American composer of mostly chamber, choral, vocal, piano, and electroacoustic works that have been performed in the Americas and Europe; he is also active as an electric guitarist and writer.

Prof. Polansky initially studied with Ron Riddle at the New College of Florida in Sarasota, then at the University of California, Santa Cruz, where he earned his BA in mathematics and music in 1976, and with James Tenney at York University in Toronto in 1977. He studied composition with Ben Johnston at the University of Illinois at Urbana–Champaign and there earned his MA in 1978. He also had private studies in jazz guitar with George Barnes, Mick Goodrick and Chuck Wayne.

Among his honours are the Fulbright Fellowship (1995–96) and the Sony Music Fellowship (2001).

As an electric guitarist, he has often played contemporary music, notably with electric guitarist Nick Didkovsky and in Trio with Kui Dong and Christian Wolff. He also plays gendèr (metallophone from Indonesia), mandocello, mandolin, and other instruments. He has occasionally performed as a singer, including with the Enfield Shaker Singers.

As a writer, he has contributed articles to various publications. He co-edited with Judith Tick a critical edition of The Music of American Folk Song by Ruth Crawford Seeger (2003, University of Rochester Press).

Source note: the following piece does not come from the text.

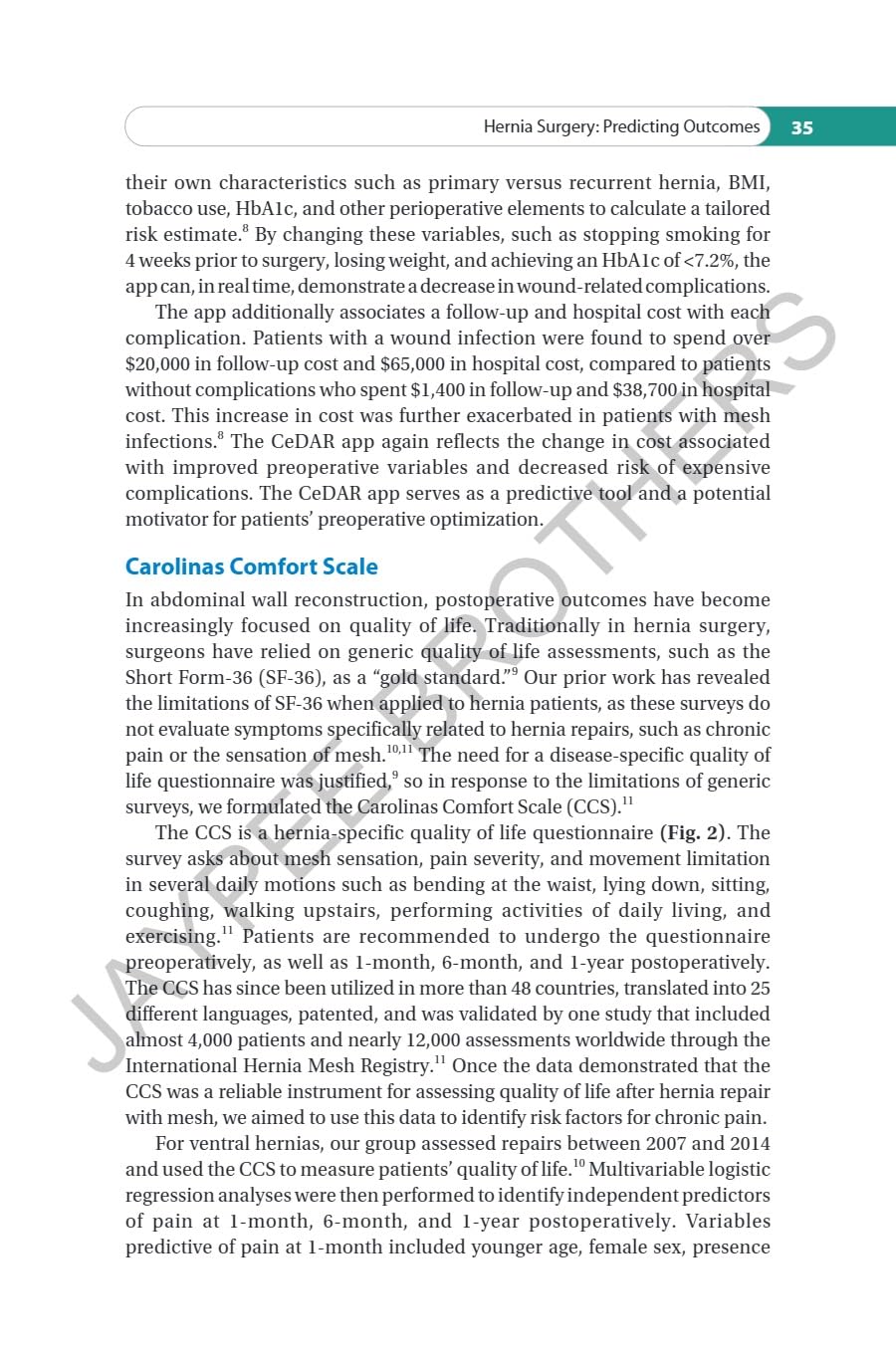 IAGES RECENT ADVANCES IN MINIMAL ACCESS SURGERY- 4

He is also active in other positions. He founded the collective of experimental composers Frog Peak Music in New Hampshire in 1982 and has served as its co-director since 1982. He later co-authored with Phil Burk and David Rosenboom the computer-music language HMSL (Hierarchical Music Specification Language) from 1985–92. He co-founded the Leonardo Music Journal in 1990 and has served on the board of directors of the journal Perspectives of New Music since 1995.

He taught as an assistant professor at Mills College in Oakland, California from 1981–90 and taught at Dartmouth College in Hanover, New Hampshire from 1990–2013, where he served as chair of the department of music from 1998–2013 and taught as the Joseph Strauss 1922 Professor of Music from 2000–13, now emeritus. He then taught at the University of California, Santa Cruz from 2013–19.